Milli Güvenlik Kurulu’ndan dahi karar çıkardılar, ne alakaysa!
***
Düşürmeyin faizi dedik!
Bilmiyorsunuz. Düşük faiz ortamında, iş dünyası dağa taşa yatırım yapacak dediler.
El yordamıyla düşürdükleri politika faizi piyasaya yansımazdı, yansımadı da. Ayrıca şu ana kadar doğru düzgün yeni tek bir yatırım haberine de denk gelmiş değiliz!
Yine faizlerin düşmesi TL’nin değerinin düşmesi demekti. Yapmayın, etmeyin, enflasyon azacak dedik.

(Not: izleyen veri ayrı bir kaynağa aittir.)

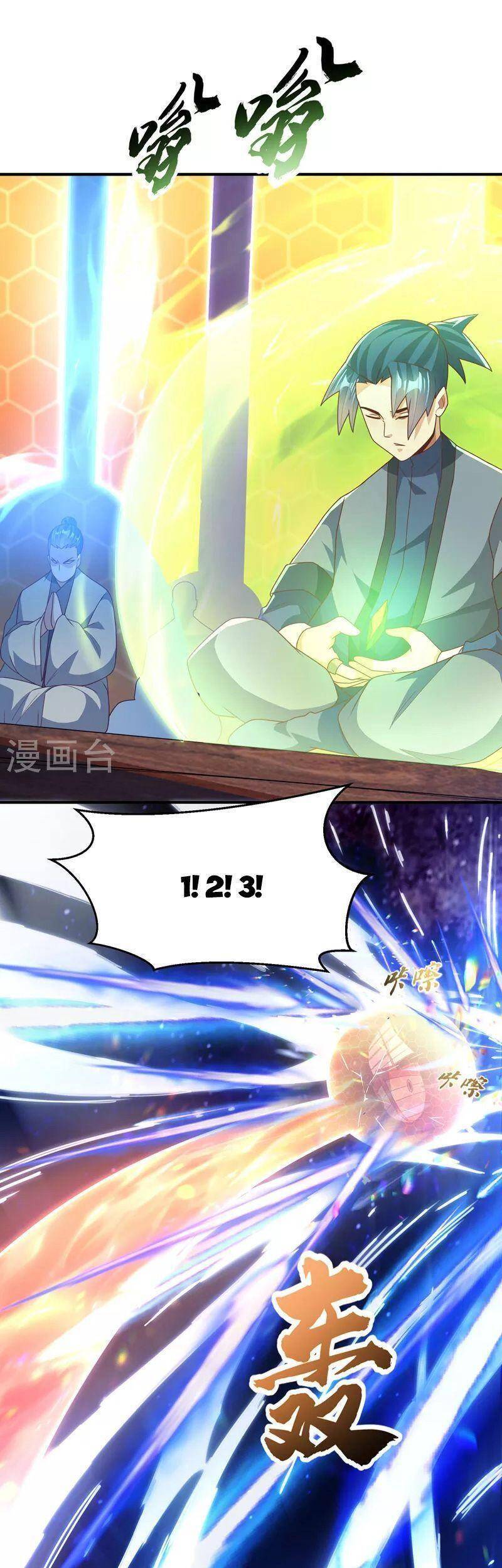 Võ Nghịch Chap 249 - Next Chap 250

Hayır, yalancısınız dediler. Şimdi ihracat patlayacak, döviz bolluğu olacak, sonra da hem TL değer kazanacak hem de fiyatlar düşecek dediler.
Döviz bolluğu oldu mu?
Bu da olmadı. Altı ay geçti hâlâ olmadı! Ne zaman olacaksa artık!!!

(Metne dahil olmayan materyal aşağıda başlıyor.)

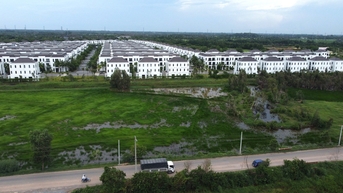6 dự án khu dân cư, đô thị gần TP.HCM được xây dựng ở Long An trong năm 2025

Veriler de pek ümit vermiyor bu konuda zaten…
TÜİK’in yayınladığı Ocak-Şubat dış ticaret verilerine göre dolar/TL’nin iki katından fazlasına çıktığı bir dönemin sonunda ihracat yüzde 21,4 arttı. Gayet güzel, güzel olmasına da bu ihracatın döviz bolluğu yaratması için ithalatın çok daha yavaş artması lazımdı.
Verilere bakalım yine.
TÜİK’e göre ilk iki ayda ithalat, döviz kurundaki değişime rağmen yıllık yüzde 49,2 artmış.
İhracat yüzde 21,4, ithalat yüzde 49,2!!!
Muazzam!
Sonuçta ithalat artışı, ihracat artışından daha hızlı. Hal böyle olunca da dış ticaret açığı ilk iki ayda yüzde 183 artıyor.
Bu ne demek?
Hani ihracat patlayacaktı ve döviz bolluğu olacaktı ya, tam tersi oldu demek. Bize dış ticaretimiz için daha fazla döviz lazım demek!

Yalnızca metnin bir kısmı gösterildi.